Toute personne qui pénètre dans cet espace passe par un sas, selon un protocole de sécurité très strict. A la sortie, la douche est obligatoire. La tente de confinement a pour fonction principale de protéger les riverains de la poussière et de tout dégazage de substances volatiles toxiques.
Sur le côté droit, une trémie d'alimentation attend son heure. En septembre, lorsque l'installation de nettoyage sera opérationnelle, les matériaux moyennement pollués seront placés sur ce tapis roulant puis lavés à l'eau pour être réutilisés sur le chantier ou dans le projet de reconstruction. Quelque 20% des matériaux seront ainsi recyclés sur place.
Les déchêts grillés aux Pays-Bas
Pour l'heure, les matériaux les plus pollués - près de 60% de l'ensemble - sont chargés sur des camions, via un sas.
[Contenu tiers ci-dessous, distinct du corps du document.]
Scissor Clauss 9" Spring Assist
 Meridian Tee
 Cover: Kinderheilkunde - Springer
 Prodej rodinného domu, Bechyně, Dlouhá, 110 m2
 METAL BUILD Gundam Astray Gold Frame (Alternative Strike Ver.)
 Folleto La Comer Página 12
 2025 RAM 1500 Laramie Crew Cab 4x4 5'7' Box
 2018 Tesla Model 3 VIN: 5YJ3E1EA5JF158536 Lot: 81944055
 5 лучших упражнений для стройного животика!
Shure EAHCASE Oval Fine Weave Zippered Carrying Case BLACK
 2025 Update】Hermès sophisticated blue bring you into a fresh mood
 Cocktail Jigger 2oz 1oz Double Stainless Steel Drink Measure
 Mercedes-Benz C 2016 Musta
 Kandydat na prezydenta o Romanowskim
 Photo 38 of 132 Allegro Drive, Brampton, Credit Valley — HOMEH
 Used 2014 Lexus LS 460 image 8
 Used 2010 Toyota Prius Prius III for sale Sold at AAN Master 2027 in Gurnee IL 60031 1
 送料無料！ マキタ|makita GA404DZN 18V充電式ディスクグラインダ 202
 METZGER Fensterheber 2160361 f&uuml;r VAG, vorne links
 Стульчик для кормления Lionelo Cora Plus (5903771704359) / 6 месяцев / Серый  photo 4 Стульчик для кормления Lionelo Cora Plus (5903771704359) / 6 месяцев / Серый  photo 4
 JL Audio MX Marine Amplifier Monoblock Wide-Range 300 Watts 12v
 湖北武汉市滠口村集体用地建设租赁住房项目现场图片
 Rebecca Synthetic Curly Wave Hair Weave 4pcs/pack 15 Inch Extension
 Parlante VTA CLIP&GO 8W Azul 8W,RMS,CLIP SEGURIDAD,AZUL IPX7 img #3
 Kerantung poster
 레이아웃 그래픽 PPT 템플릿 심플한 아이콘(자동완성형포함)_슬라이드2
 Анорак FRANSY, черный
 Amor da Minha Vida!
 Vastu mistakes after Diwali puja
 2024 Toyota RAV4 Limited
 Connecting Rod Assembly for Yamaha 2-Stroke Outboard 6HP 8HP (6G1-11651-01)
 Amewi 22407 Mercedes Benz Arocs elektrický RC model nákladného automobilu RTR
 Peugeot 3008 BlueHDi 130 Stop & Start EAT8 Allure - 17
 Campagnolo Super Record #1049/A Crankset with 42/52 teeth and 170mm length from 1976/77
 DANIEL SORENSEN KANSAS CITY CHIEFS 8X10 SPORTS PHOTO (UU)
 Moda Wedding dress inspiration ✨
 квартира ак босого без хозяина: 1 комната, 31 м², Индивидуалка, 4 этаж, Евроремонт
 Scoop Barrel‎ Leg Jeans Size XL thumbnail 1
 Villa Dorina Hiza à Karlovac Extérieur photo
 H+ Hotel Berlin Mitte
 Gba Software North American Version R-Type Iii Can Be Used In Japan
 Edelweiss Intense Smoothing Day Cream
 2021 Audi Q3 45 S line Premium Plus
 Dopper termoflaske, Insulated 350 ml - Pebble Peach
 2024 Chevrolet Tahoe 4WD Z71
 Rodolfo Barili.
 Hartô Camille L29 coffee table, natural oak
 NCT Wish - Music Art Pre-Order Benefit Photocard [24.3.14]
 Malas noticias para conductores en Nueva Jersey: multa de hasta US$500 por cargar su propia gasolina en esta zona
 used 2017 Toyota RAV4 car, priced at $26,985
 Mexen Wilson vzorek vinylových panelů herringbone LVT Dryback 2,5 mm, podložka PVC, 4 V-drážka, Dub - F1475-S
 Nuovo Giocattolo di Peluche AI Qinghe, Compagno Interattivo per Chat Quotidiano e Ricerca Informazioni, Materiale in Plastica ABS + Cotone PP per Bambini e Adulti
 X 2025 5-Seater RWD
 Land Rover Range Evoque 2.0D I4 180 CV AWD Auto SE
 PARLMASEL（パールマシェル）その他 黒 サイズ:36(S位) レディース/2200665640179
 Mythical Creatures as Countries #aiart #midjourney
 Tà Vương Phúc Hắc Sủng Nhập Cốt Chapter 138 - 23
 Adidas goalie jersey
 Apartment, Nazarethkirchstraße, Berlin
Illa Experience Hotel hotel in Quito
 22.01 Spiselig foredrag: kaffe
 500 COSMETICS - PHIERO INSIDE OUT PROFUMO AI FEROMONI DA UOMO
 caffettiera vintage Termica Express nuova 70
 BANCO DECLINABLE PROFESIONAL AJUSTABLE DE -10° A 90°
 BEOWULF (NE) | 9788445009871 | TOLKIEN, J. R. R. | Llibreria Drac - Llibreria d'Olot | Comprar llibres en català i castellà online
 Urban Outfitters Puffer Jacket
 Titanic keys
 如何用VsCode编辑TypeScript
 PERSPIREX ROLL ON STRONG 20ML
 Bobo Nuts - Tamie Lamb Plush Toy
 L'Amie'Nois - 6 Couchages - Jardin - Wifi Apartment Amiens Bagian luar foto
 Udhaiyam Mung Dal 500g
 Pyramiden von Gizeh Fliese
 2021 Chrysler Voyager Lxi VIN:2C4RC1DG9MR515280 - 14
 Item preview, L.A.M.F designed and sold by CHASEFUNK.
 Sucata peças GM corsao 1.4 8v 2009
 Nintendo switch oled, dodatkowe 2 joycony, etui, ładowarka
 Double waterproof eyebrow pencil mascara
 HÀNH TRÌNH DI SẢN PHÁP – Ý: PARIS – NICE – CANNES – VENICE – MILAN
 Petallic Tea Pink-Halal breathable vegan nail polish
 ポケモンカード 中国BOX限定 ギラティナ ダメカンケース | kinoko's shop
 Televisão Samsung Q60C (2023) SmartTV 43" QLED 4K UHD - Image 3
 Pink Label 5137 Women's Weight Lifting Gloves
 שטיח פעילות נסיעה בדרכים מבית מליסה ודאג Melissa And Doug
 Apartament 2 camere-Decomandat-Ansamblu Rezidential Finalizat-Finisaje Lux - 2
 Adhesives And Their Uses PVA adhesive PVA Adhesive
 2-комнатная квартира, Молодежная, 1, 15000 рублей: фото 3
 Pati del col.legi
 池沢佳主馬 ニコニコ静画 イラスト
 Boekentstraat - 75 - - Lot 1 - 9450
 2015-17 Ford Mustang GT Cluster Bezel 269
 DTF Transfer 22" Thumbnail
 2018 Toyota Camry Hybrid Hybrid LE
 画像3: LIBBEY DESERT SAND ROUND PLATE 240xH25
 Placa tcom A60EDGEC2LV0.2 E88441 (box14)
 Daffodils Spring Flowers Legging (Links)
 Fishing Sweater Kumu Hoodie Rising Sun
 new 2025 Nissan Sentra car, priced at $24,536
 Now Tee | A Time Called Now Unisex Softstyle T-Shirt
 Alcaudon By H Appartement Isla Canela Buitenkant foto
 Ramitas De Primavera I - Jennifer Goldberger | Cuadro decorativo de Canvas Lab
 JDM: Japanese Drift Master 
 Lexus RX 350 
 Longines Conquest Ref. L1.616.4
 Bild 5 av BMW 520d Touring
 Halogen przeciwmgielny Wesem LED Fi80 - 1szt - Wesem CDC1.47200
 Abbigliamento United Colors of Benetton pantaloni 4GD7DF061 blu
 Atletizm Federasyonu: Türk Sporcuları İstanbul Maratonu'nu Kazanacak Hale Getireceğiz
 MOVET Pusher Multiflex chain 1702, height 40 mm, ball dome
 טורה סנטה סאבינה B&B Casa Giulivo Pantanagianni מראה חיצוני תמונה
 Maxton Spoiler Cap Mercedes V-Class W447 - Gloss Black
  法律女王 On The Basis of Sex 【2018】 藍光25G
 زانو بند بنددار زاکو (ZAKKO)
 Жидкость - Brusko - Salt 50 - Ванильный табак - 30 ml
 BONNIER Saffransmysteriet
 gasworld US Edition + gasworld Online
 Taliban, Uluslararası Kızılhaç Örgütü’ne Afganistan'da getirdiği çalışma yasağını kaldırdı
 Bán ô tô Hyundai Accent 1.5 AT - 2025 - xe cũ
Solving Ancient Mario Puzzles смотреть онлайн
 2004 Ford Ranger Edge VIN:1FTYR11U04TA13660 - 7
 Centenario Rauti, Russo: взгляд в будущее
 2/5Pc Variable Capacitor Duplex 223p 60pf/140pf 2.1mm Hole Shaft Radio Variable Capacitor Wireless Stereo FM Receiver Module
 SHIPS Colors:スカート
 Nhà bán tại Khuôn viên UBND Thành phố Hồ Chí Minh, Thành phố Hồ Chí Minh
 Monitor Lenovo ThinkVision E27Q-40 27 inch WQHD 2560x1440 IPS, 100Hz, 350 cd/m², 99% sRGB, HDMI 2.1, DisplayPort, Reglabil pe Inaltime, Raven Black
Une fois nettoyée à l'eau, la benne est acheminée à la gare de la Praille. Plus de la moitié prend le train pour être revalorisée dans une cimenterie argovienne, tandis que le reste est détruit à haute température aux Pays-Bas après un voyage en train et bateau.
La troisième étape du chantier sera lancée début 2011. Mais le site à assainir dépasse largement l'emplacement du futur écoquartier. Des poches d'un mélange complexe fortement pollué ont aussi été découvertes en dessous et en aval du bâtiment administratif adjacent, en raison du mouvement naturel de la nappe phréatique. Nuit et jour, des pompes sont actives pour les éliminer.